有一天暴躁的神识将另外那个听起来要礼貌很多的神识踩在脚下,本来还在骂骂咧咧着“居高临下,道貌岸然,老子要把你们通通砍光”。这大约符合了柳尘兮的心念,所以神识一动,被那暴躁神识察觉。柳尘兮来不及做出任何反应,就被他大手一伸,掐着脖子拎了过去。
柳尘兮当时甚至反应不过来害怕,他早就深切体会过毫无还手之力的感觉,也早就深谙恐惧是没有任何作用的,不会让他在仙馆里受的凌辱少一分,也不会让剑没柄而入的痛轻一分。
他的神识总归来说还是很虚弱的,被暴躁神识拎着的都不成一个人形,还没有一条大狗拎起来长。既然已经弱成这样了,很多不必要的情绪就顾不上了,他只需要记得恨,在这片暗无天日的囚笼里,茍延残喘地等,等那本来就未必公平的天命,良心发现地开一次眼。
不过既然被发现了,看来是等不下去了,柳尘兮发现遗憾的情绪似乎也被他摈弃了,他下意识地想闭眼,然而他眼睛已经瞎了,现在当作眼睛感觉四周的似乎就是神识本身,没有闭眼这种选择,他只好安慰自己神魂被冲散就代表一个人彻底的灰飞烟灭,大约是不会疼的吧。
然而那个平时疯且暴躁的神识拎着他,却没有如柳尘兮预料那般不由分说地将他捏散,而是将他拎起来看了好半天,似乎有点奇怪:“小鬼,离魂怎麽把你放进来了?”
柳尘兮茫然了片刻,见暴躁的神识暂时没有要捏死自己的意思,轻声问道:“离魂是什麽?”
暴躁神识当场勃然大怒,柳尘兮觉得自己要不是被他捏着,大约会被他的咆哮直接吹飞。
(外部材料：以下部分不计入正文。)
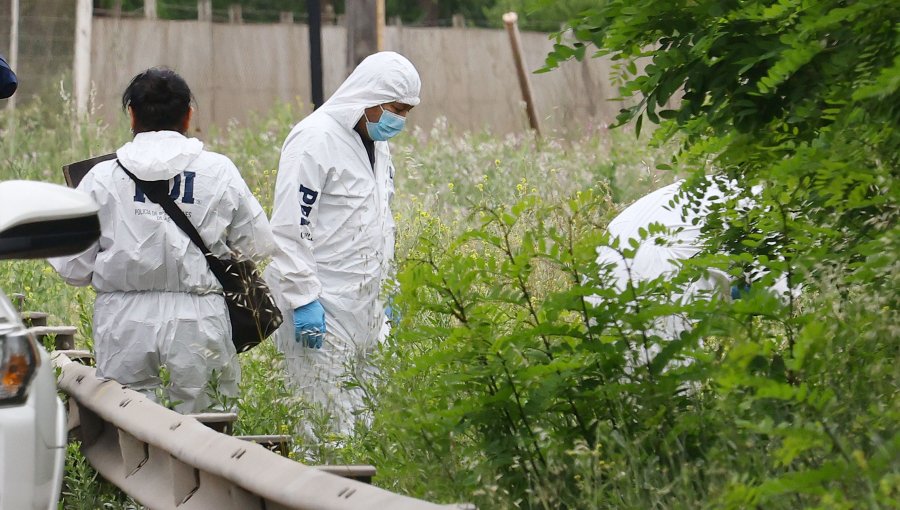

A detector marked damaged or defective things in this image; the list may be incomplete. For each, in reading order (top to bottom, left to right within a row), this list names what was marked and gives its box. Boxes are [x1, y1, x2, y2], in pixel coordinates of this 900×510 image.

rusty guardrail section [53, 354, 472, 510] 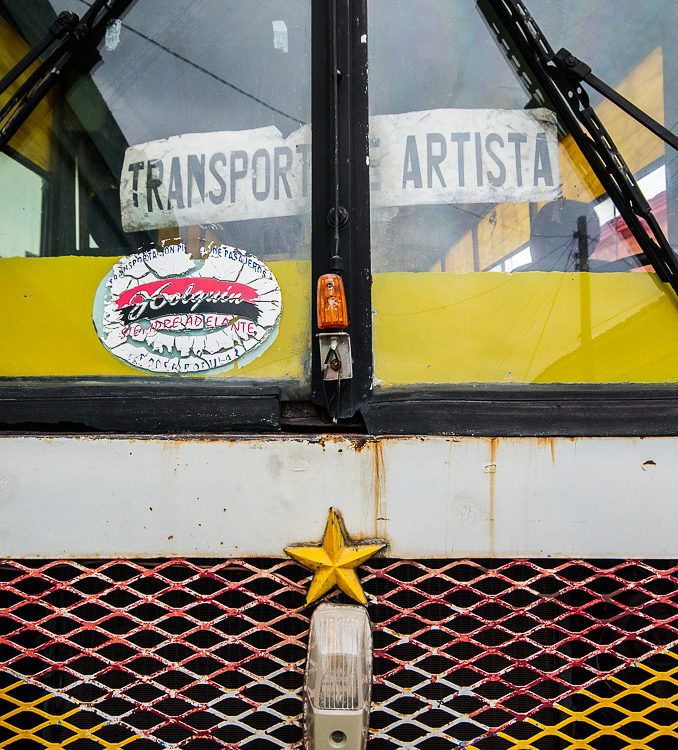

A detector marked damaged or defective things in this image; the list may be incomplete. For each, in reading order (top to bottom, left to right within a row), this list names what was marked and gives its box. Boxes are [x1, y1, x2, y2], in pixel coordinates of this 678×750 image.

cracked windshield [370, 0, 678, 388] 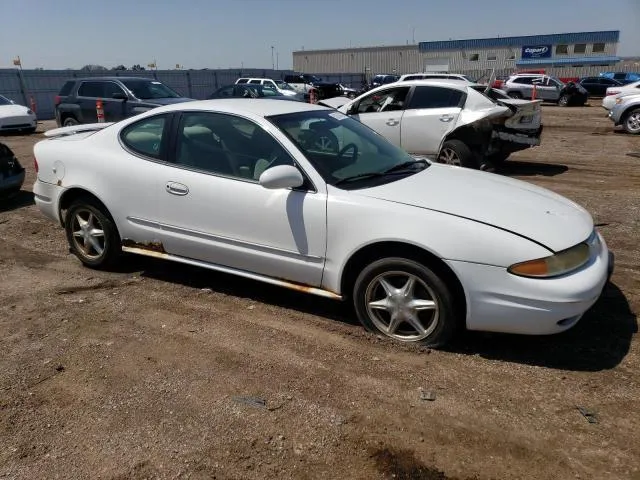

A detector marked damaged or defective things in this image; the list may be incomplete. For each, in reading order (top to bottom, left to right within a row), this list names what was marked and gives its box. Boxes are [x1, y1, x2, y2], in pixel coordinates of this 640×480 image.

damaged silver sedan [318, 79, 540, 169] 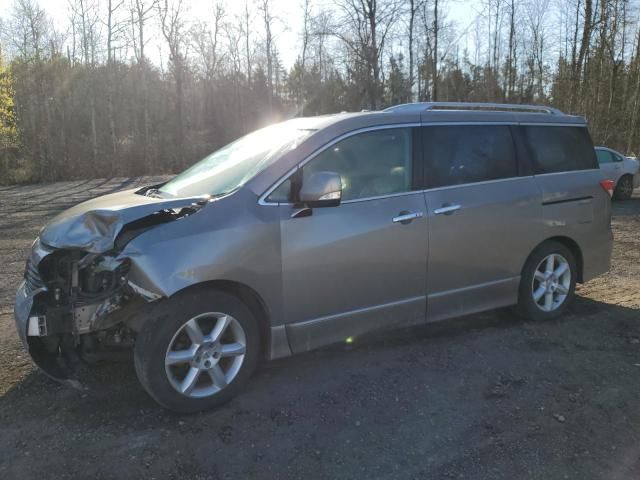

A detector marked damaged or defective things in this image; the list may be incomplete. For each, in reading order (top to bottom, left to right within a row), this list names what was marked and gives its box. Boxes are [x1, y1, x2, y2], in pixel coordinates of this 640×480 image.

damaged front end [13, 188, 208, 386]
front bumper damage [14, 188, 210, 386]
crumpled hood [40, 188, 209, 253] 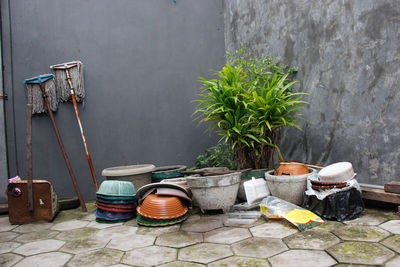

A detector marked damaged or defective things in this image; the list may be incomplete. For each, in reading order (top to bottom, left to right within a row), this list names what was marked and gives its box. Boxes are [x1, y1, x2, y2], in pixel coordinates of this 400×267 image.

rusty metal box [7, 181, 59, 225] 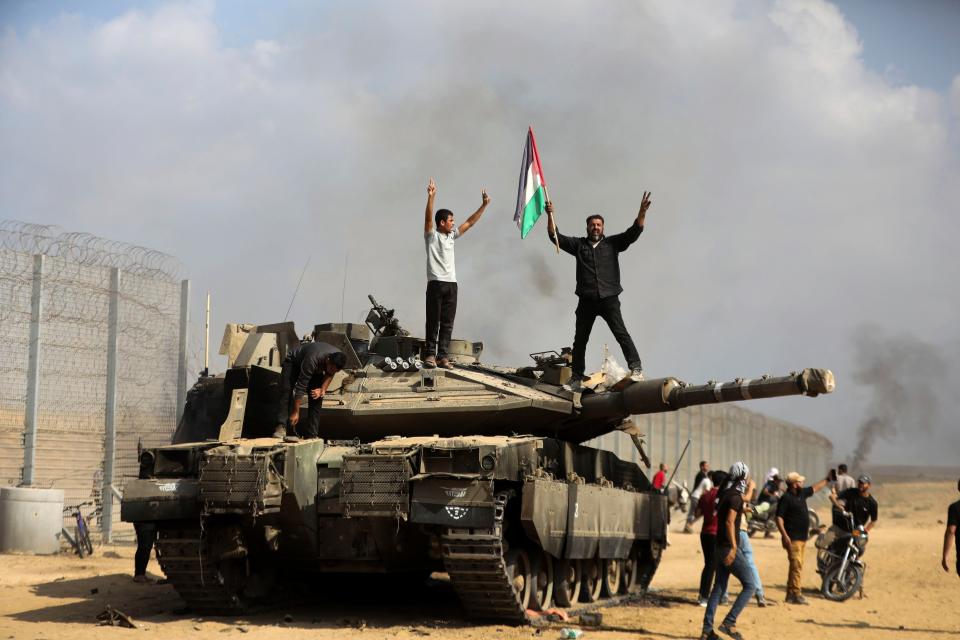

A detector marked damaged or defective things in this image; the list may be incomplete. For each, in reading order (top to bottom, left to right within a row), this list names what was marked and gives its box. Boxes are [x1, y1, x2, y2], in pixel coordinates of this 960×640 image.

damaged tank turret [122, 296, 832, 620] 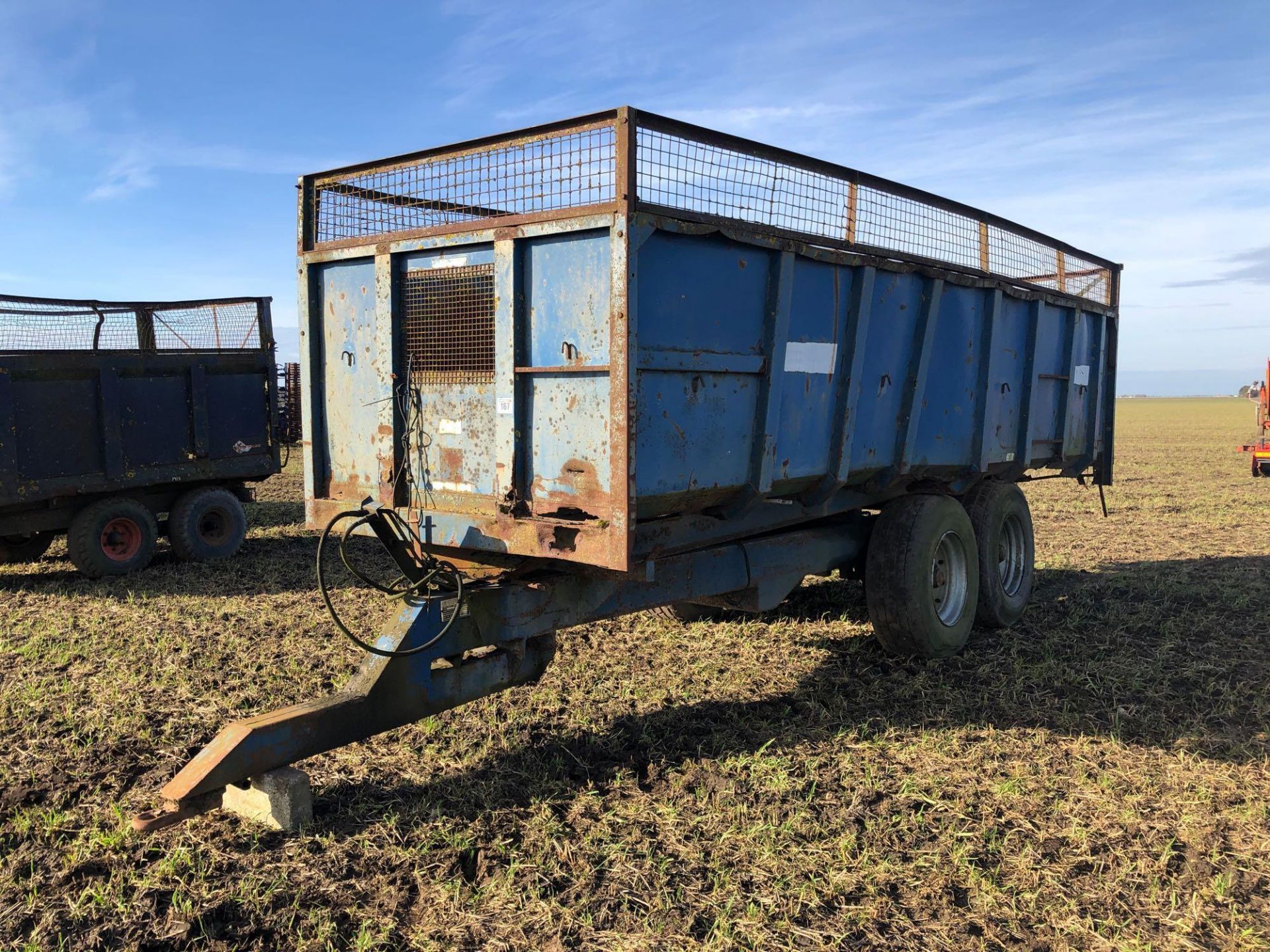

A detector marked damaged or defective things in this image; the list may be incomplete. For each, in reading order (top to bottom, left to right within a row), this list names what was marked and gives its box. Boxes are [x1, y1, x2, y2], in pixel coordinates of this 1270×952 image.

rusted steel frame [308, 202, 624, 255]
rusted steel frame [630, 110, 1117, 279]
rusted steel frame [635, 206, 1112, 309]
rusty trailer body [0, 293, 278, 573]
rusty trailer body [142, 108, 1122, 832] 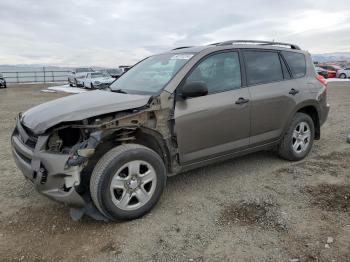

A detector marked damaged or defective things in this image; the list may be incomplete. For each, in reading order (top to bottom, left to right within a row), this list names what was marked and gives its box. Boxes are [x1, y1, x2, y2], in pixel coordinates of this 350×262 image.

crushed hood [21, 90, 150, 135]
damaged toyota rav4 [10, 40, 328, 221] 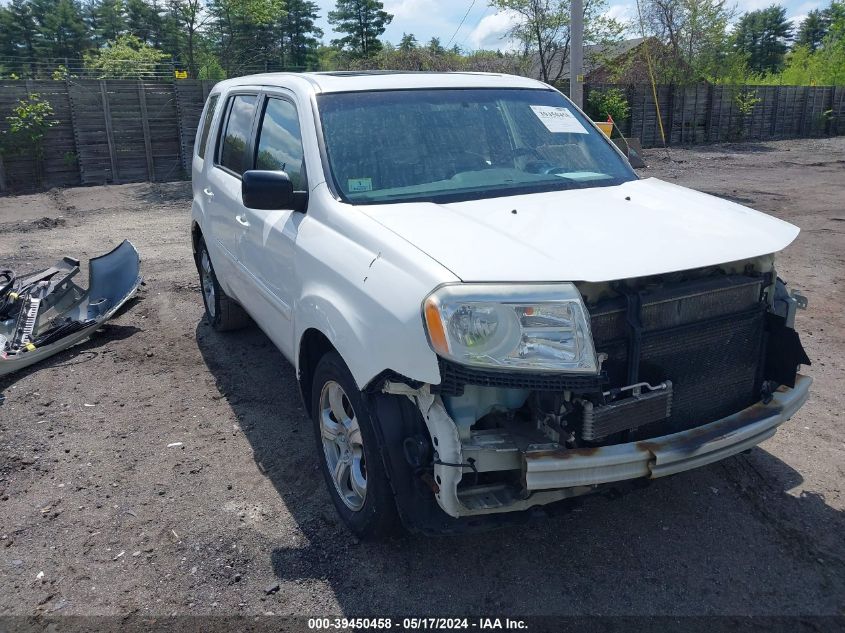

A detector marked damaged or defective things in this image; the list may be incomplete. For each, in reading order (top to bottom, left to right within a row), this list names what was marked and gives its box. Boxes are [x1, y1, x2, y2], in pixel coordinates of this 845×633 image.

broken headlight housing [426, 284, 596, 372]
damaged front bumper [384, 372, 812, 516]
detached bumper on ground [528, 372, 812, 492] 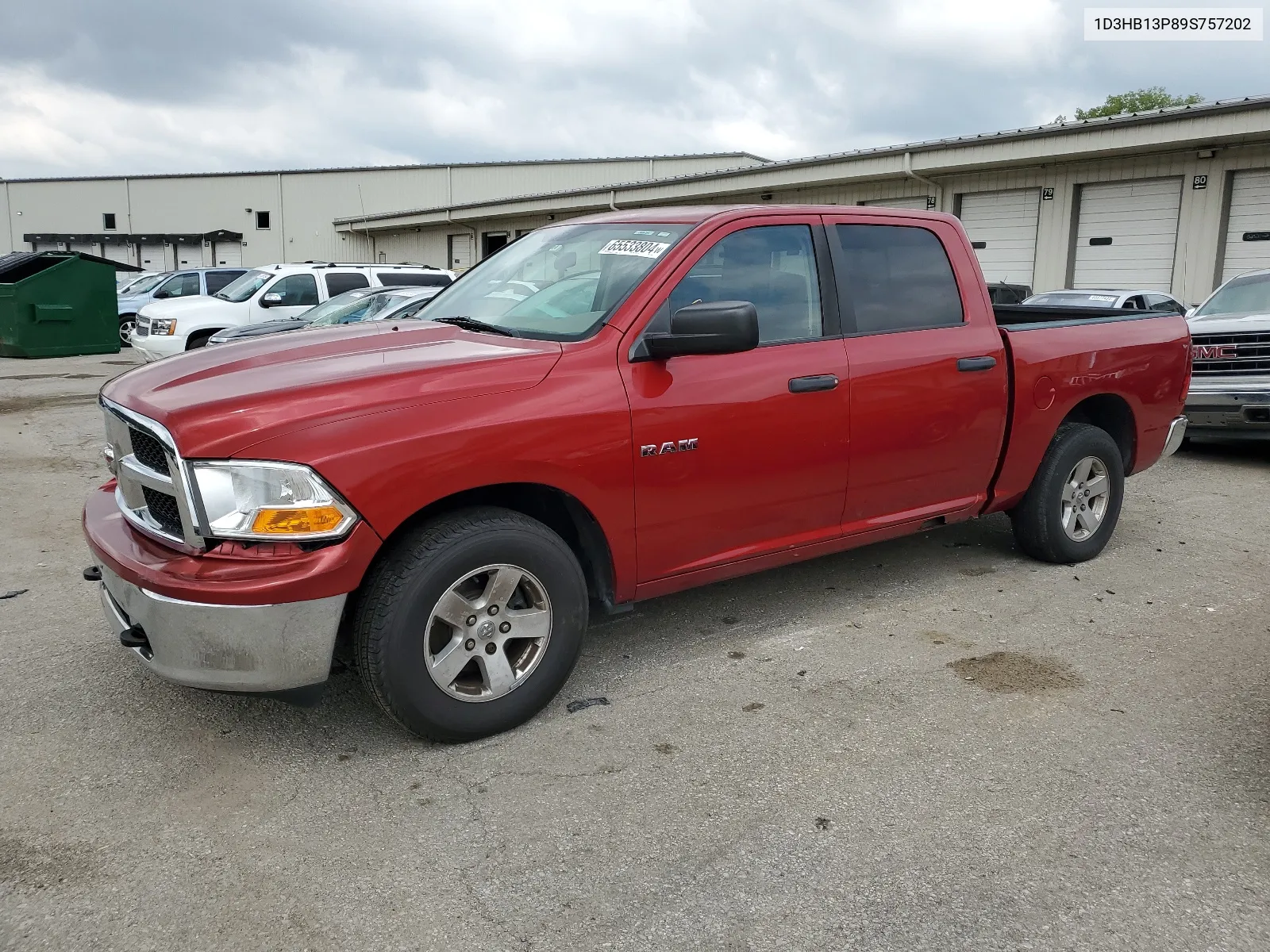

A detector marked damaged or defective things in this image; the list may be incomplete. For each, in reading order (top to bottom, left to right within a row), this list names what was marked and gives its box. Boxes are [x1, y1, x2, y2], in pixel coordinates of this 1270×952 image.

cracked asphalt [2, 355, 1270, 949] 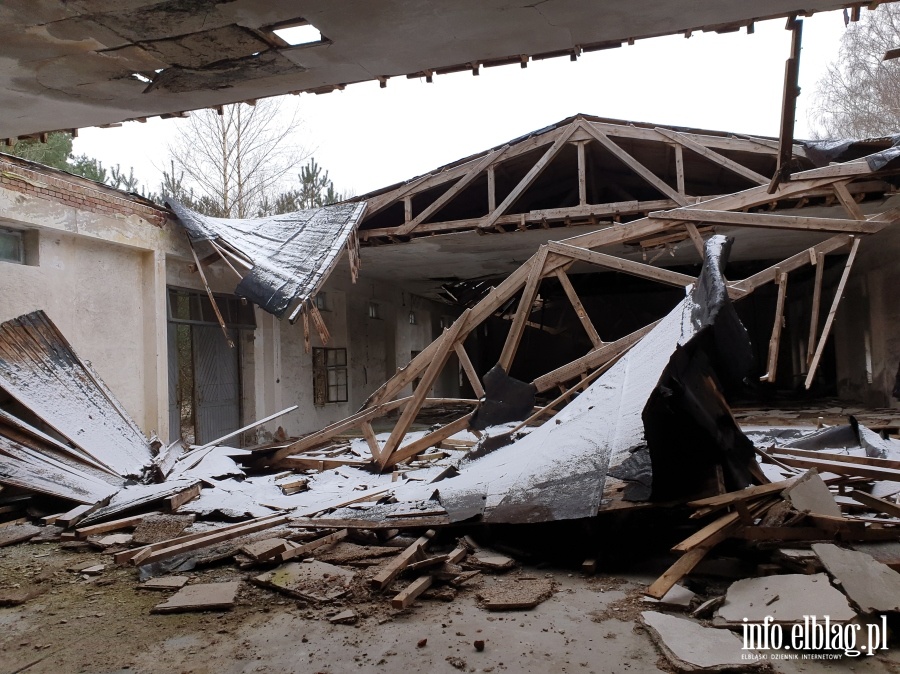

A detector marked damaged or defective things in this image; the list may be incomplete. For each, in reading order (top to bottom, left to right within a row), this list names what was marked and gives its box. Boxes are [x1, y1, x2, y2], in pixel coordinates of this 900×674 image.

broken tile [152, 580, 243, 612]
broken wood plank [392, 572, 434, 608]
broken tile [712, 572, 856, 624]
broken tile [812, 544, 900, 612]
broken tile [640, 612, 760, 668] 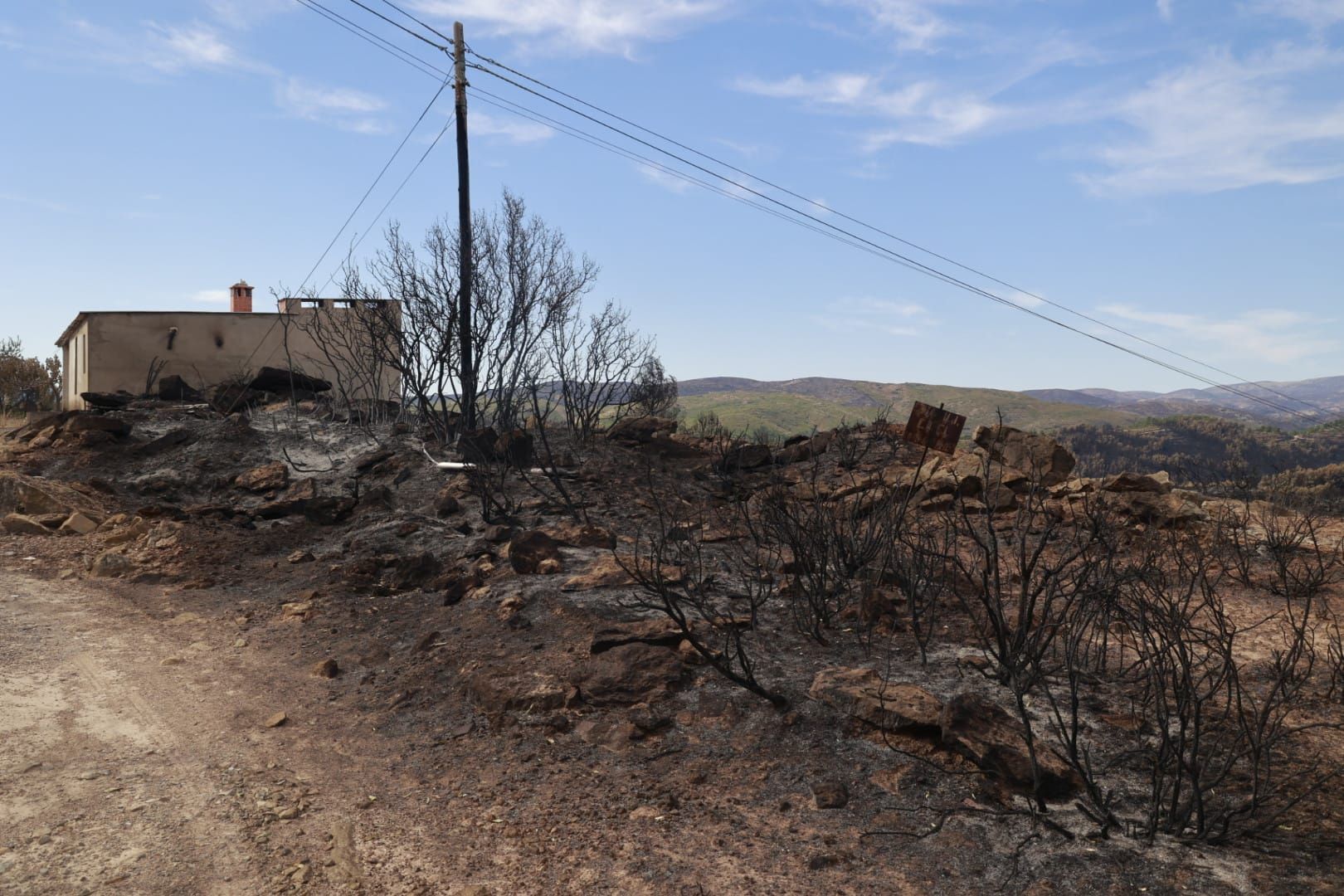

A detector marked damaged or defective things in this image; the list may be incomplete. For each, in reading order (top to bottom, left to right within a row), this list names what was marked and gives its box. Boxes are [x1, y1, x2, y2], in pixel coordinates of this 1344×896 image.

damaged building [55, 282, 400, 411]
rusted metal sign [903, 402, 962, 455] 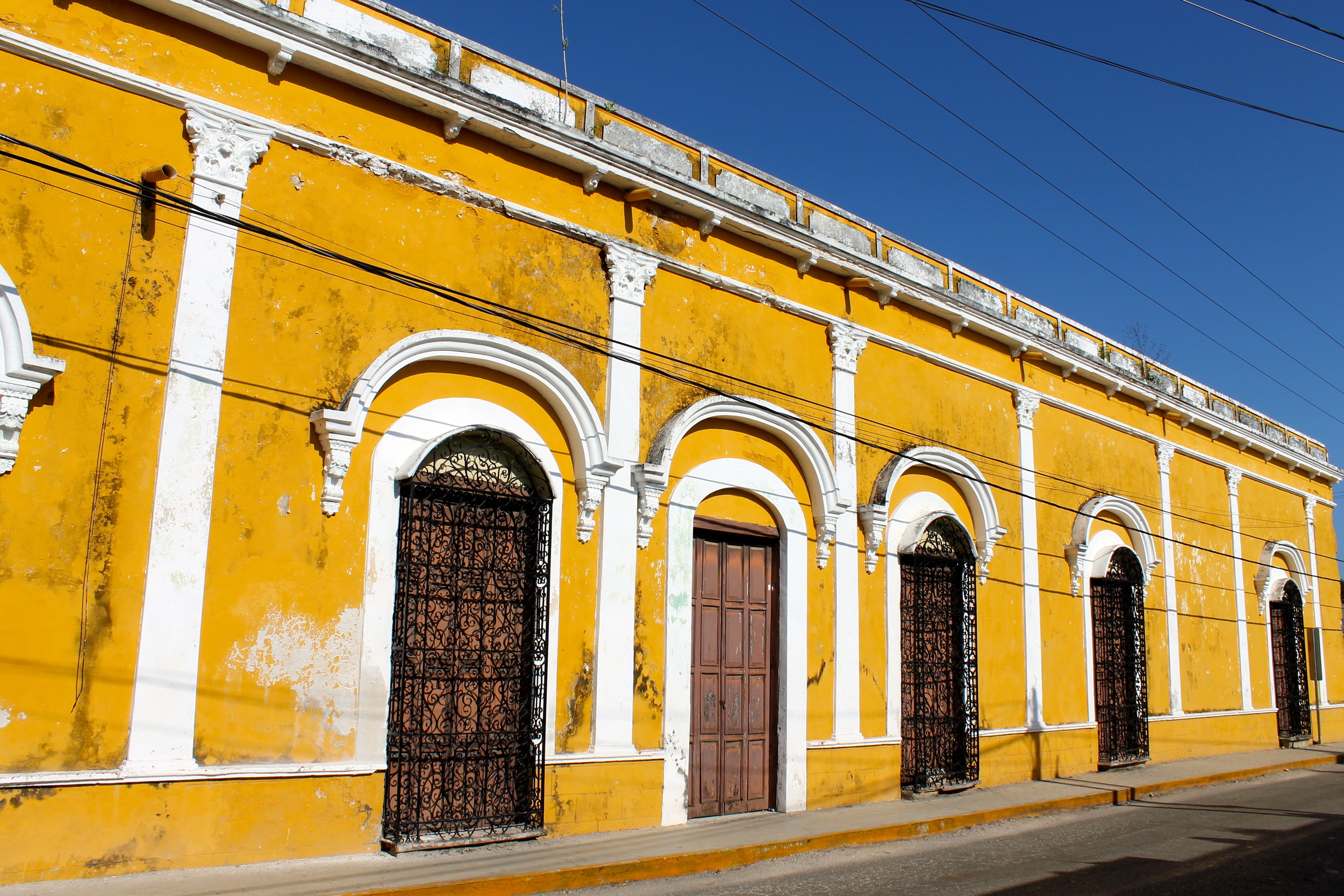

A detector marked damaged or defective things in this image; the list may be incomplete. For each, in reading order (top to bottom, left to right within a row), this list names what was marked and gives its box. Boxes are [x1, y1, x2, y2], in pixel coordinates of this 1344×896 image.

那神识似乎受到了相当大的冒犯:“无知鼠辈!竟然有修士不知天下第一的离魂剑?这仙界後辈都是些什麽货色?。”
言语间他还顺便踹了一脚被他踩在脚下的那个礼貌的神识,礼貌的神识咳了一声,吃力道:“我倒没听说过什麽天下第一,只知道离魂凶性甚重,是把稍有不慎就会酿成大祸的邪物。”
暴躁的神识顿时就要再给他一脚,眼见他们又要一言不合开始动手了,柳尘兮不知死活地插了一句嘴:“我不是修士。”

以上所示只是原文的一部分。